Le Maroc se trouve confronté à une évolution défavorable de la scène énergétique mondiale. D'une part, ses besoins vont crescendo, bien plus vite que ce que nécessiterait une simple indexation sur la croissance démographique. Les contestations sociales imposent de ne plus ignorer les besoins élémentaires, notamment en matière d'énergie. Les ressources énergétiques traditionnelles du Maroc sont limitées et quelque peu obsolètes, notamment le charbon. Le pétrole importé à bon marché est de l'histoire ancienne et la facture pétrolière restera en constante augmentation, vu la tendance lourde qui se dessine. Elle pèse déjà très lourdement sur la Caisse de compensation.

UN ESPOIR : LES ENERGIES RENOUVELABLES

Par bonheur, le Maroc est balayé par des vents consistants venus de l'océan Atlantique ; il est sur ce créneau le pays le plus favorisé de l'Afrique du nord. En juin 2010 que le Maroc a dévoilé un projet d'énergie éolienne d'un montant de 3,53 milliards de dollars ayant pour objectif de contribuer à faire passer à 42% d'ici 2020 la part des énergies renouvelables dans le mix énergétique. Le projet prévoit la construction de cinq parcs d'éoliennes pour faire passer à 2.000 mégawatts en 2020 la production d'électricité d'origine éolienne, contre environ 280 mégawatts aujourd'hui. Idem pour l'énergie solaire puisqu' une puissance de 2000 MW serait l'objectif à atteindre dans le « plan solaire du Maroc » d'ici 2020. Cependant, les experts sont unanimes à reconnaître les limites techniques du recours aux énergies renouvelables pour la définition du « panier d'énergies » d'un pays considéré, quel qu'il soit. En effet, toutes ces sources d'énergies renouvelables aboutissent à la production d'électricité ? non stockable à grande échelle. C'est pourquoi, jusqu'à ce qu'on sache le faire, la part des renouvelables dans un mix énergétique ne saurait dépasser les 40% sous peine de graves ennuis. Il s'agit donc de prévoir, à côté des énergies renouvelables, une énergie stockable, peu polluante et de préférence pas trop lourde pour les finances publiques et l'économie du pays. Le gaz naturel remplit tous ces critères, ce qui explique le changement d'attitude des autorités marocaines vis-à-vis du gaz algérien.

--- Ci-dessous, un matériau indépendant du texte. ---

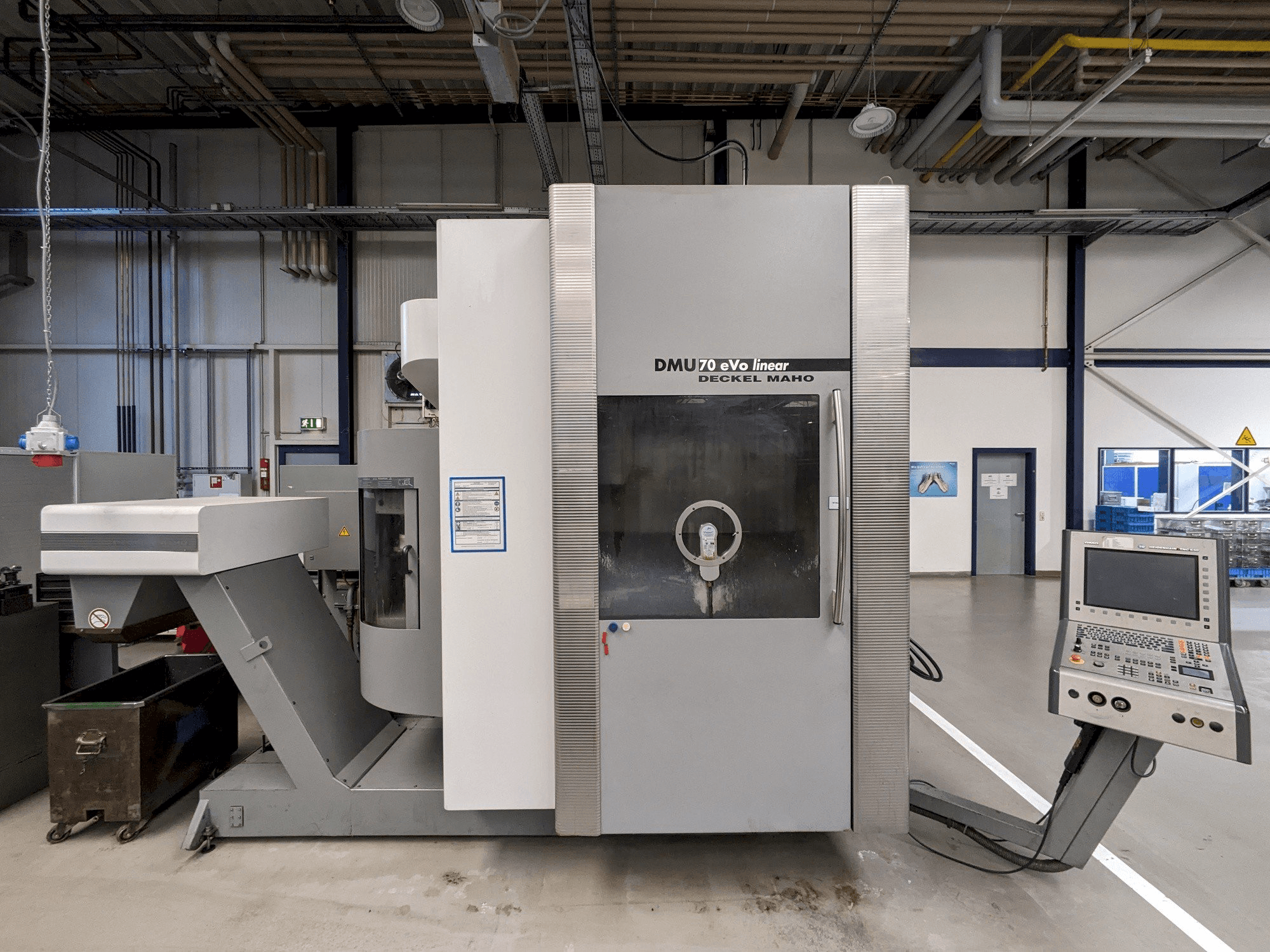Masina DECKEL MAHO DMU70 eVo linear eestvaade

VOLUMES DISPONIBLES POUR LES CONTRATS AVEC LE MAROC

Outre les volumes de gaz liés aux redevances de transit du gaz destiné à l'Espagne et au Portugal, le Maroc s'engage à acquérir 640 millions de m3 de gaz annuellement ; des volumes additionnels seraient en discussion selon les autorités algériennes. A ceux qui se sont empressés de parler de stress sur l'offre gazière algérienne à l'exportation, des responsables du secteur ont vite fait de rassurer : les volumes à dédier au(x) contrat(s) marocain(s) sont disponibles. Au pire, les volumes cédés par Sonatrach sur les marchés spot du GNL, en pleine déconfiture, seront affectés à ces derniers. In fine, comme l'enseigne l'histoire des relations gazières fondées sur les grands gazoducs internationaux, si les conflits géopolitiques peuvent retarder la réalisation de tels ouvrages, ces derniers s'érigent très vite en facteurs de paix dès leur entrée en service.